■ WHAT TO WORK ON: Could you reproduce the lines below from the one with "1010 Ashwood Lane, Streetsboro, OH 44241" through the one with "Krystal online show"? Keep both ends and add nothing.

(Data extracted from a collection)
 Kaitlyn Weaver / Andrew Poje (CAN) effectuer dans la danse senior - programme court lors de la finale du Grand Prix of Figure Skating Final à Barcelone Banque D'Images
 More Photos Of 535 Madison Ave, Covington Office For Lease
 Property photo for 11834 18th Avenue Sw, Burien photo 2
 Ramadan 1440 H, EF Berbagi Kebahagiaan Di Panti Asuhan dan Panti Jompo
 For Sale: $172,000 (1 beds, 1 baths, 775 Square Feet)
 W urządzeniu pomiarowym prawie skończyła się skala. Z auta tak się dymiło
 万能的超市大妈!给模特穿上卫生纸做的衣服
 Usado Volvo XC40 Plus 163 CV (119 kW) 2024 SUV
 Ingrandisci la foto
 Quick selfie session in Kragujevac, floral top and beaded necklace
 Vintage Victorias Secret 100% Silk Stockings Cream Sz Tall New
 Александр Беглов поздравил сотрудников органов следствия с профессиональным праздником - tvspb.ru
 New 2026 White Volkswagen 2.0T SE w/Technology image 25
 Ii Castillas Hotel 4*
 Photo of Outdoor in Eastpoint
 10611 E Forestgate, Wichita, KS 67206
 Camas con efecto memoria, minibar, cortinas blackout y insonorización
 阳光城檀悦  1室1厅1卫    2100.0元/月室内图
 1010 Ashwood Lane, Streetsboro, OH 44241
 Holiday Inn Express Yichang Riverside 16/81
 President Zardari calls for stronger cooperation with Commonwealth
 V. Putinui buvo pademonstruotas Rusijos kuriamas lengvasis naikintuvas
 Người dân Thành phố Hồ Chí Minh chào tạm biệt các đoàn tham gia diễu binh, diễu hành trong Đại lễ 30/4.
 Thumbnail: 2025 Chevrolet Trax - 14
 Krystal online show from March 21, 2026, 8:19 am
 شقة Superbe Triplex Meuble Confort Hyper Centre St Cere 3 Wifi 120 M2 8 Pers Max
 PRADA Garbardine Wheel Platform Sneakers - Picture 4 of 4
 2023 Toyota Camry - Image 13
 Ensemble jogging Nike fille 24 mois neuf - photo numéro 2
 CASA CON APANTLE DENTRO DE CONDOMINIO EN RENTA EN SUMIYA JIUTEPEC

■ RESULT OF THIS TASK:
 1010 Ashwood Lane, Streetsboro, OH 44241
 Holiday Inn Express Yichang Riverside 16/81
 President Zardari calls for stronger cooperation with Commonwealth
 V. Putinui buvo pademonstruotas Rusijos kuriamas lengvasis naikintuvas
 Người dân Thành phố Hồ Chí Minh chào tạm biệt các đoàn tham gia diễu binh, diễu hành trong Đại lễ 30/4.
 Thumbnail: 2025 Chevrolet Trax - 14
 Krystal online show from March 21, 2026, 8:19 am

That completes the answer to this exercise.